- _TASK DETAILS_: Could you reproduce every entry that follows, exactly as shown?

- _RECORDED DATA_:

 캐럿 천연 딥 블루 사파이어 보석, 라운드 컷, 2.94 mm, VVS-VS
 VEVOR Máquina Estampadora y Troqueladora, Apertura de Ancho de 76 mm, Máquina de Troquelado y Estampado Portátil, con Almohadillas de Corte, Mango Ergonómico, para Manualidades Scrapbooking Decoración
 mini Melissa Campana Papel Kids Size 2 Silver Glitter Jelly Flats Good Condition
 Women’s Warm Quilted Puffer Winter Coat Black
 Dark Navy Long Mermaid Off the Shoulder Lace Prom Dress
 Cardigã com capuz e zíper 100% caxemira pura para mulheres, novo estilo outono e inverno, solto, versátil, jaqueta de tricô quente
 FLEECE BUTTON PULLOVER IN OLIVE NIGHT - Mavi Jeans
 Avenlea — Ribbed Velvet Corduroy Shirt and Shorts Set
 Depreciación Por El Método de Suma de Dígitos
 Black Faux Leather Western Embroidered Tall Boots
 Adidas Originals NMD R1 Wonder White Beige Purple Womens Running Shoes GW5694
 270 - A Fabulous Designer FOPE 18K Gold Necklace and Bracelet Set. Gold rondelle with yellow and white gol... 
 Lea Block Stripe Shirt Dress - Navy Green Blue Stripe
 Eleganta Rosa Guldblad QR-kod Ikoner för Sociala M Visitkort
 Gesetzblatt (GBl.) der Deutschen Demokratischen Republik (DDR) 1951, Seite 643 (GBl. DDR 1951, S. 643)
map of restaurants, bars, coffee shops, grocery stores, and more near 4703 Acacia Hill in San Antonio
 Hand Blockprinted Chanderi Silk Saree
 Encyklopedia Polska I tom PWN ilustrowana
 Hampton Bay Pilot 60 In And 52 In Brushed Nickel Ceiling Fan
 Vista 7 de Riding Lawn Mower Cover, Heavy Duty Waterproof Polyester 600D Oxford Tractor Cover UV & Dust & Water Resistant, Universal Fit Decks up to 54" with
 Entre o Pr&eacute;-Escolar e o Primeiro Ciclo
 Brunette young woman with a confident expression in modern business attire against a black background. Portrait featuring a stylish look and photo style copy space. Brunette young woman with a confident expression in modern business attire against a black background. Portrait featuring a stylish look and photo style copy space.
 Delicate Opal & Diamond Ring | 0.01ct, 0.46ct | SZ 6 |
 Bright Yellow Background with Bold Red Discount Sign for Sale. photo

- _THE COMPLETED TASK_:
 캐럿 천연 딥 블루 사파이어 보석, 라운드 컷, 2.94 mm, VVS-VS
 VEVOR Máquina Estampadora y Troqueladora, Apertura de Ancho de 76 mm, Máquina de Troquelado y Estampado Portátil, con Almohadillas de Corte, Mango Ergonómico, para Manualidades Scrapbooking Decoración
 mini Melissa Campana Papel Kids Size 2 Silver Glitter Jelly Flats Good Condition
 Women’s Warm Quilted Puffer Winter Coat Black
 Dark Navy Long Mermaid Off the Shoulder Lace Prom Dress
 Cardigã com capuz e zíper 100% caxemira pura para mulheres, novo estilo outono e inverno, solto, versátil, jaqueta de tricô quente
 FLEECE BUTTON PULLOVER IN OLIVE NIGHT - Mavi Jeans
 Avenlea — Ribbed Velvet Corduroy Shirt and Shorts Set
 Depreciación Por El Método de Suma de Dígitos
 Black Faux Leather Western Embroidered Tall Boots
 Adidas Originals NMD R1 Wonder White Beige Purple Womens Running Shoes GW5694
 270 - A Fabulous Designer FOPE 18K Gold Necklace and Bracelet Set. Gold rondelle with yellow and white gol... 
 Lea Block Stripe Shirt Dress - Navy Green Blue Stripe
 Eleganta Rosa Guldblad QR-kod Ikoner för Sociala M Visitkort
 Gesetzblatt (GBl.) der Deutschen Demokratischen Republik (DDR) 1951, Seite 643 (GBl. DDR 1951, S. 643)
map of restaurants, bars, coffee shops, grocery stores, and more near 4703 Acacia Hill in San Antonio
 Hand Blockprinted Chanderi Silk Saree
 Encyklopedia Polska I tom PWN ilustrowana
 Hampton Bay Pilot 60 In And 52 In Brushed Nickel Ceiling Fan
 Vista 7 de Riding Lawn Mower Cover, Heavy Duty Waterproof Polyester 600D Oxford Tractor Cover UV & Dust & Water Resistant, Universal Fit Decks up to 54" with
 Entre o Pr&eacute;-Escolar e o Primeiro Ciclo
 Brunette young woman with a confident expression in modern business attire against a black background. Portrait featuring a stylish look and photo style copy space. Brunette young woman with a confident expression in modern business attire against a black background. Portrait featuring a stylish look and photo style copy space.
 Delicate Opal & Diamond Ring | 0.01ct, 0.46ct | SZ 6 |
 Bright Yellow Background with Bold Red Discount Sign for Sale. photo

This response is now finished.